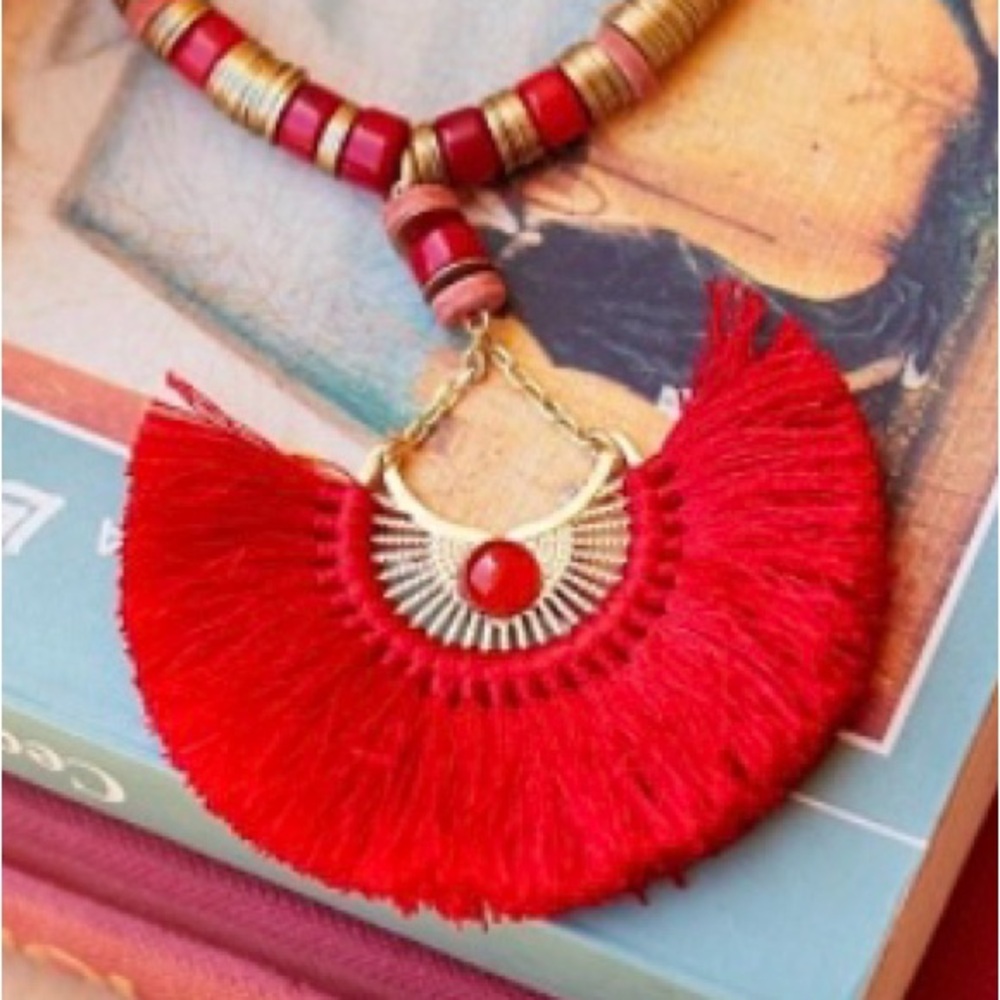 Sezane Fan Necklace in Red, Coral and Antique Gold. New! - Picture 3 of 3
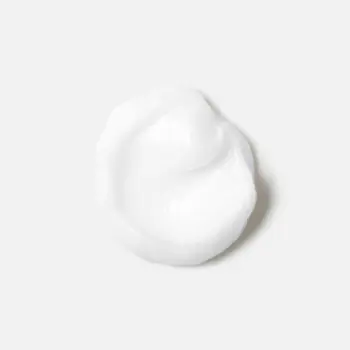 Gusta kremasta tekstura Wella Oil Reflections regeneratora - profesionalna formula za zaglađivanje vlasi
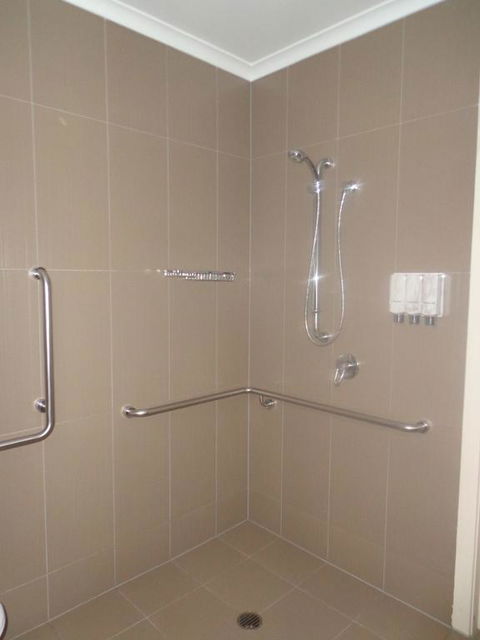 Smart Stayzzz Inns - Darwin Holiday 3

____

Copy out every line above, word for word, minus images.

 Sezane Fan Necklace in Red, Coral and Antique Gold. New! - Picture 3 of 3
 Gusta kremasta tekstura Wella Oil Reflections regeneratora - profesionalna formula za zaglađivanje vlasi
 Smart Stayzzz Inns - Darwin Holiday 3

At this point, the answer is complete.